◆ EXERCISE DETAILS:
Would you output the lines from the one containing "Poole sky-blue and" through the final line of the entries, exactly and with pictures omitted?

Recorded data
##########
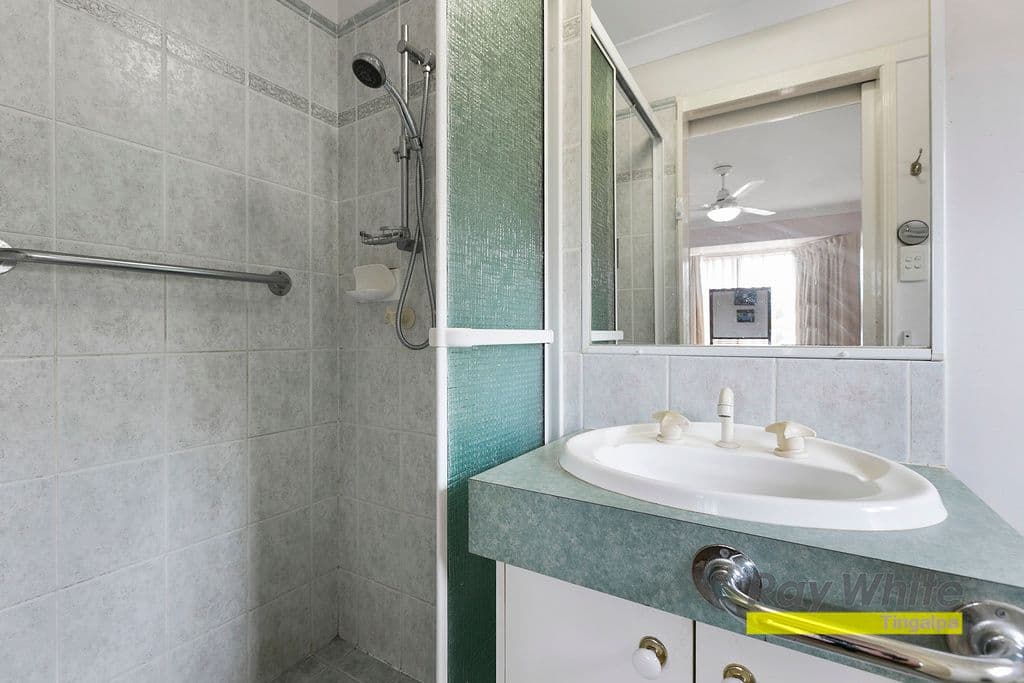 16 Brett Place, Wynnum West QLD 4178, Wynnum West - Thumbnail 8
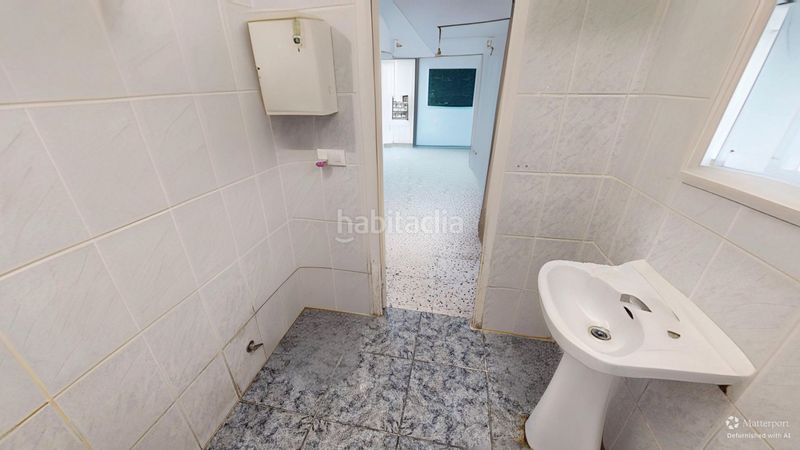 Foto ac4cd0bf-dedf-41ac-a775-71370db98559. Local comercial a Campello Playa Campello (el)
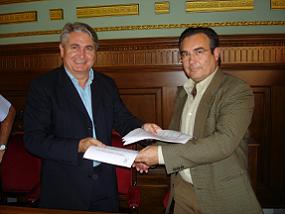 Pedro Álvarez y Rafael García Luján firman el acuerdo de colaboración entre el Ayuntamiento y el Motril CF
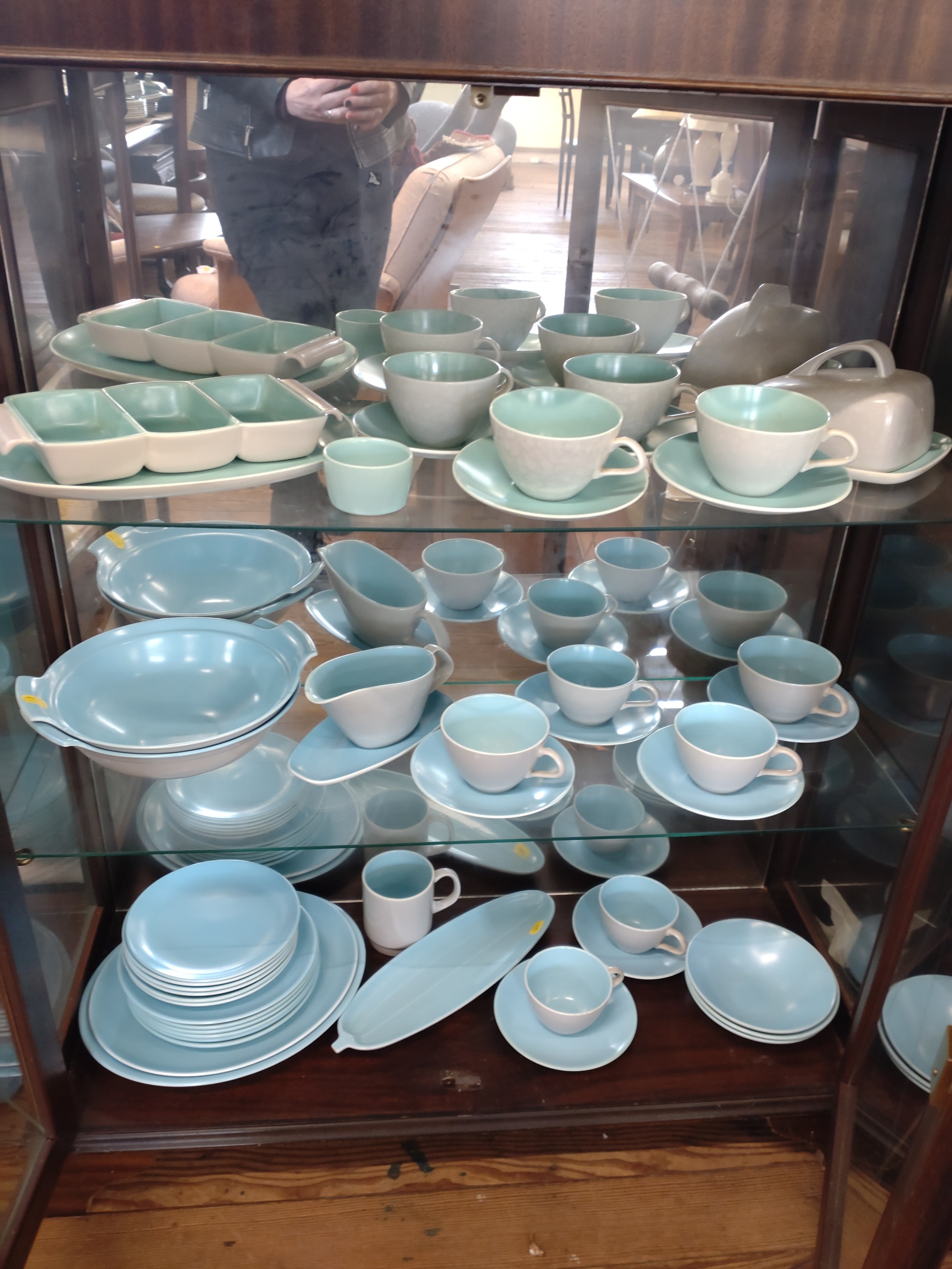 Poole sky-blue and turquoise tablewares including a cheese dish with cover. (49) - Image 2 of 3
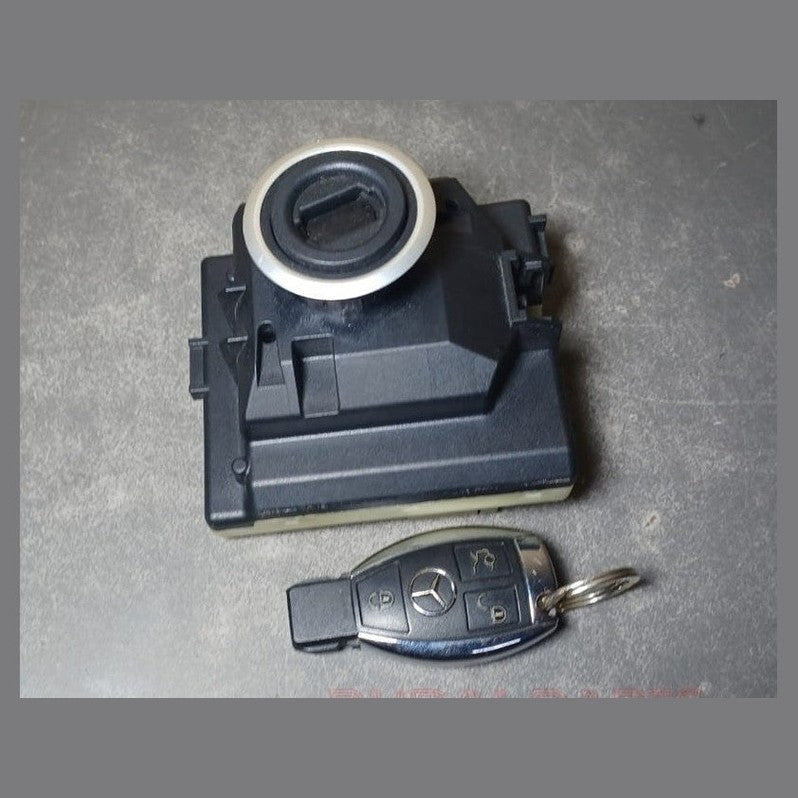2017 MERCEDES-BENZ W205 C-CLASS IGNITION START STOP SWITCH MODULE BUTTON WITH KEY OEM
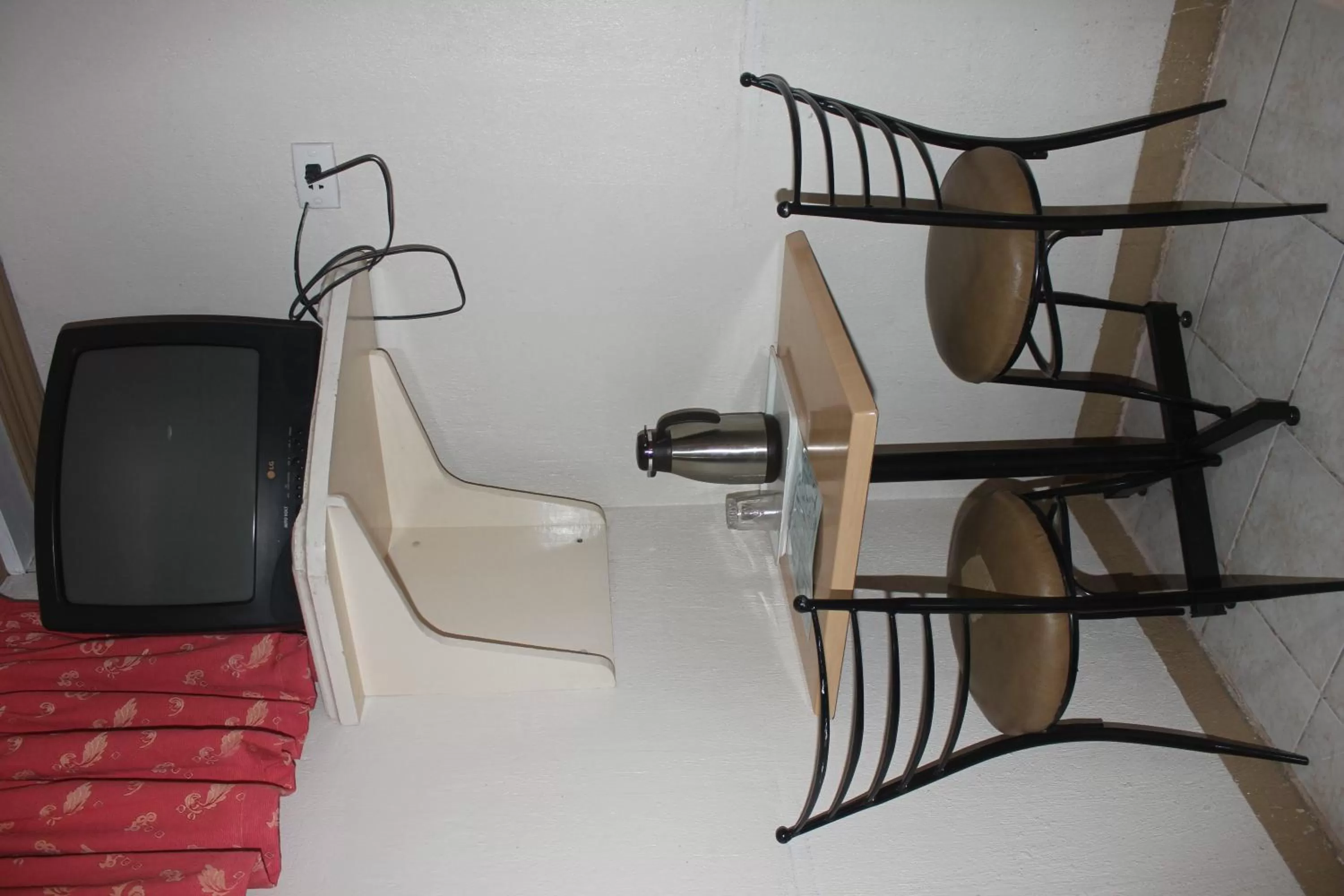 TV and multimedia in Elegant Circle Inn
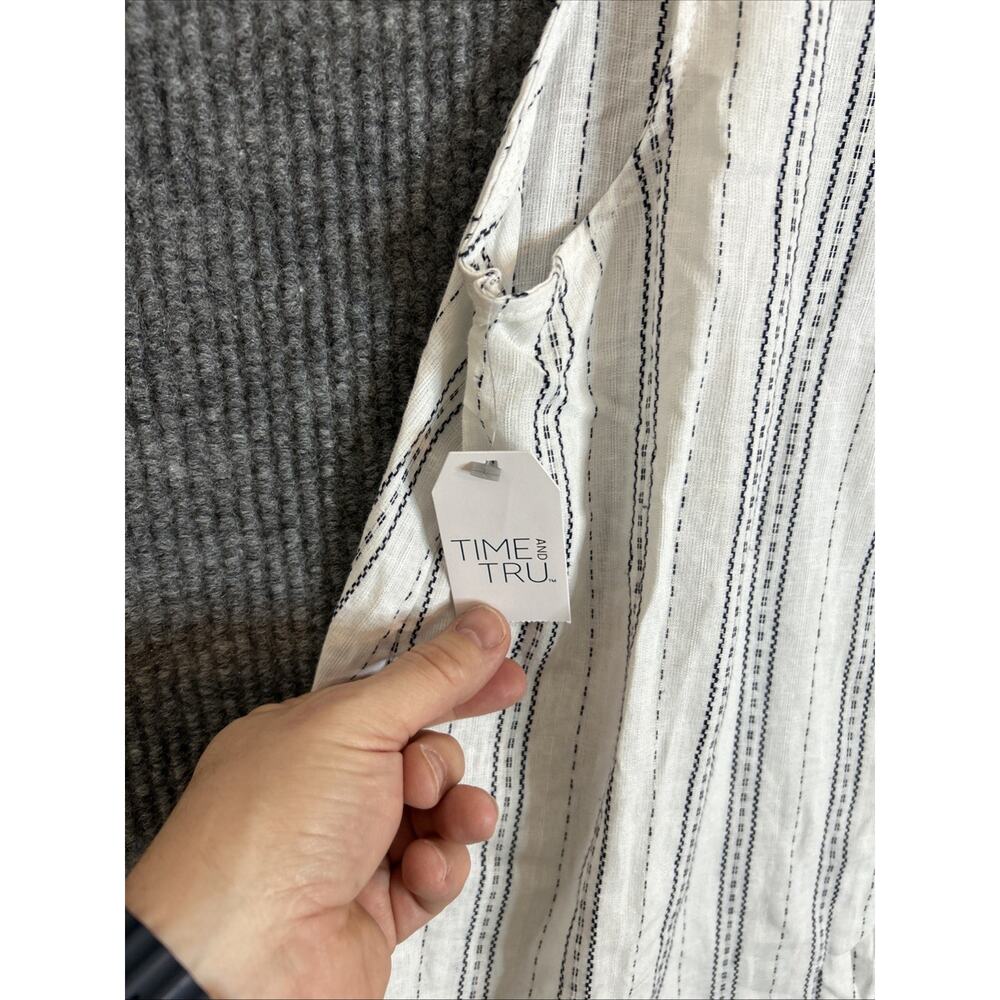 Time and Tru White and Navy Vertical Stripe Ruffle V-Neck Sleeveless Top - Picture 4 of 10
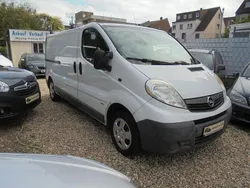 Weiß Gebraucht 2011 Opel Vivaro Van | 3.799 € (Fairer Preis)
##########
◆ WORKED SOLUTION:
 Poole sky-blue and turquoise tablewares including a cheese dish with cover. (49) - Image 2 of 3
2017 MERCEDES-BENZ W205 C-CLASS IGNITION START STOP SWITCH MODULE BUTTON WITH KEY OEM
 TV and multimedia in Elegant Circle Inn
 Time and Tru White and Navy Vertical Stripe Ruffle V-Neck Sleeveless Top - Picture 4 of 10
 Weiß Gebraucht 2011 Opel Vivaro Van | 3.799 € (Fairer Preis)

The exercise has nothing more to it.